Does anybody have KataGo installed by any chance? I tried on my linux but failed to make the binaries run. Basically I cannot find anywhere on the internet the data of win% for black in the initial empty-board position, for different values of komi (say, 4, 4.5, 5, 5.5 up to 8). I have read that KataGo has LeelaZero-like strength and has “Japanese-like” rules implementation and accepts different komi values (unlike LeelaZero), so it should be able to produce this numbers. I am very surprised that I cannot find them posted online already, they seem to be very interesting values to me, as they shoud be our “best estimation so far” of the “theoretical perfect komi” (that giving jigo for perfect play).

It’s 6 points. Under KataGo’s implementation of Japanese rules and 6 komi, the latest KataGo nets favor Black by 0.3 points. That’s less than half a point. So KataGo thinks that 6 komi is most equal integer in Japanese rules.


Thank you!

So the superhuman bots right would suggest (say, “for their own play” :slight_smile: ) komi values of 6 and 7 for japanese and chinese rules, respectively. I find it quite amazing that it actually matches the currently used 6.5 and 7.5 (with 0.5 used only as a tie breaker favouring white) values found by professional play even long before strong amateur bots appeared :open_mouth: Then again, if the general direction of big moves is about right for professional players and little mistakes from both players cancel out, one would expect a similar result.
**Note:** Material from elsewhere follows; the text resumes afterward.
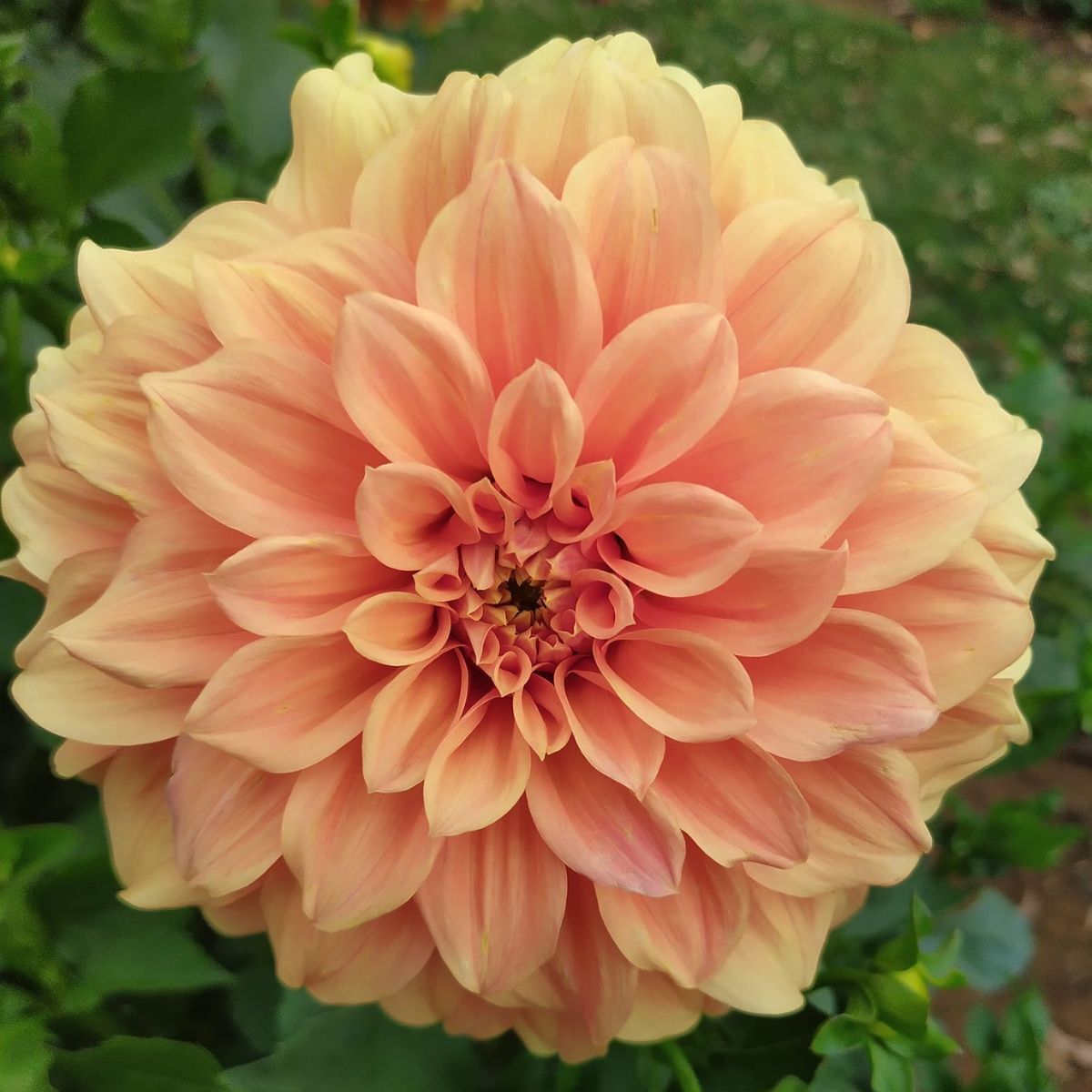 Dahlia- Bracken Palomino (Tuber)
Still, I find it very flattering to professionals, that powerful superhuman bots agree with their mortal-thoughts about komi :slight_smile:


Actually if you’re going by KataGo, 6 isn’t right. 6.5 is actually estimated as slightly more fair than 6 right now as of the tip of the current run.

Obviously a non-integer value isn’t going to be fair under theoretical perfect play, but it could easily be more fair in practice. Or in other words on 6 komi, black presumably wins enough more of the non-drawn games than white does that counting the drawn games for white actually increases the fairness of the match.

This is not surprising at all, really. We know from parity considerations, unless something “weird” happens, Japanese rules will with 50% probability each cost black one or zero points compared to Chinese rules. So until the level of play becomes so fantastically strong that bots are predicting the final parity of the game better than chance even in the opening and early midgame (they are very far from this right now), we should expect that if an integer is found to be a highly fair komi in Chinese, then that integer minus 0.5 should be highly fair in Japanese, and the more fair the former, the more fair the latter. Since 7 is very close to fair in Chinese, we should expect 6.5 to be very close to fair in Japanese.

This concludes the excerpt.